One Toronto-based security expert, however, says there is nothing extraordinary about this shift in technique.
Spammers, much like hackers, will always alter their strategy to stay one step ahead of security companies, according to David Senf, director of Canadian security and software research at IDC Canada.
As most spam filters have been calibrated to spot image spam and other complex specifies of spam, Senf said, spammers have switched back to pared-down messages to slip under the radar.
X-Force research has witness the ascendance of very brief plain text spam e-mail messages that don’t have any attachments. The technique, the report said, was used for stock spam and simply contained a stock symbol.
“Using as little text as possible or trusted domain names is very effective because some anti-spam tools may not be able to identify spam that only uses a few words and a link to a Web site,” said Cross of X-Force.

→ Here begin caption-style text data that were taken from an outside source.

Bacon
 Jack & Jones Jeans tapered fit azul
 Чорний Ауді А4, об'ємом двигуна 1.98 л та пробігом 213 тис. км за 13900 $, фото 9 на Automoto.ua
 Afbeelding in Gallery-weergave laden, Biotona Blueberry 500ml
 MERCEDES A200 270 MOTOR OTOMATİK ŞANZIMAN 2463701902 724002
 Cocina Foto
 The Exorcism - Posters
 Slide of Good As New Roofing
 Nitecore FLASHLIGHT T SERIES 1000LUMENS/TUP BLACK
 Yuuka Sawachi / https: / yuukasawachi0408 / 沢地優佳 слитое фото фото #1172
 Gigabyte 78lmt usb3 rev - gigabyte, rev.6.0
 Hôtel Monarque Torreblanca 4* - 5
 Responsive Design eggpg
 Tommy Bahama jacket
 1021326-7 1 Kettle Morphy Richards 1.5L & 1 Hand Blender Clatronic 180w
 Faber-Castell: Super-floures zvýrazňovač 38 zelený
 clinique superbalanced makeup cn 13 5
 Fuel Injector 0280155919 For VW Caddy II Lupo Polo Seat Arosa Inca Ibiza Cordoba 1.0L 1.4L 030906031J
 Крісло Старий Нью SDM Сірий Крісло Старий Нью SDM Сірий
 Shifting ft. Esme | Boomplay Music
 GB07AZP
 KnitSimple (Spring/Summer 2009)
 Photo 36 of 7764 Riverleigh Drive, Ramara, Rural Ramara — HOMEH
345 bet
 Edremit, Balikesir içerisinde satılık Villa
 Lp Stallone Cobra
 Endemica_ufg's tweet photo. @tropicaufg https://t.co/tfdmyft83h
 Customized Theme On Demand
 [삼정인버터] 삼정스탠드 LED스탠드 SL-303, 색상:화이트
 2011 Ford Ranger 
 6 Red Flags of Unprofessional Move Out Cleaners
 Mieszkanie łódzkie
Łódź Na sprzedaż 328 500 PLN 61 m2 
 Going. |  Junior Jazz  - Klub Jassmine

He said spammers, increasingly, are using legitimate sites to host spam messages that contain various types of malware. They often post blogs on social networking or Web hosting sites, which are guaranteed traffic generators.
“Because these sites are often very popular they become a fishing ground for the spammers.”
And as these sites are also legitimate, most spam filters are less likely to block them.
According to the X-Force report, among the popular legitimate sites that have become spam magnets are:
Googlepages.com – Google’s popular Web site creation and hosting service.
Dogpile – A meta-search engine that fetches results from Google, Yahoo!, Live Search, Ask.com, About.com and several other search engines. It was awarded the Best Residential Online Search Engine Service in 2006 and 2007 by J.D. Power and Associates
Blogspot.com – a high-traffic blog publishing site.
DoubleClick – A company that develops and provides Internet ad serving services to agencies and marketers, including those that work with the likes of Microsoft, General Motors, Coca-Cola and Visa.
GeoCities – Yahoo’s! Web-hosting service.
The most common top level domain (TLD) found in spam messages are: .com; .cn (for China); .net; .it (for Italy) and .uk (for United Kingdom).
The .com TLD is popular with spammers because it is the most innocuous looking TLD – nearly 55 per cent of all domains use it.
The top six spam subject lines are:
- Replica Watches
- Free porno DVD’s to download
- Downloadable porno DVDs for free
- Exquisite Replica
Spammers are exploiting the popularity of Web hosting sites, Internet forums and social networking sites, according to Senf.
“They know these sites are a hub for Web traffic. This is where their prey is.”
By having their spam messages hosted on legitimate sites, spammers also manage to decrease their likelihood of being taken down. “The chances are very slim that authorities will shut down a site that is being used by millions of people.”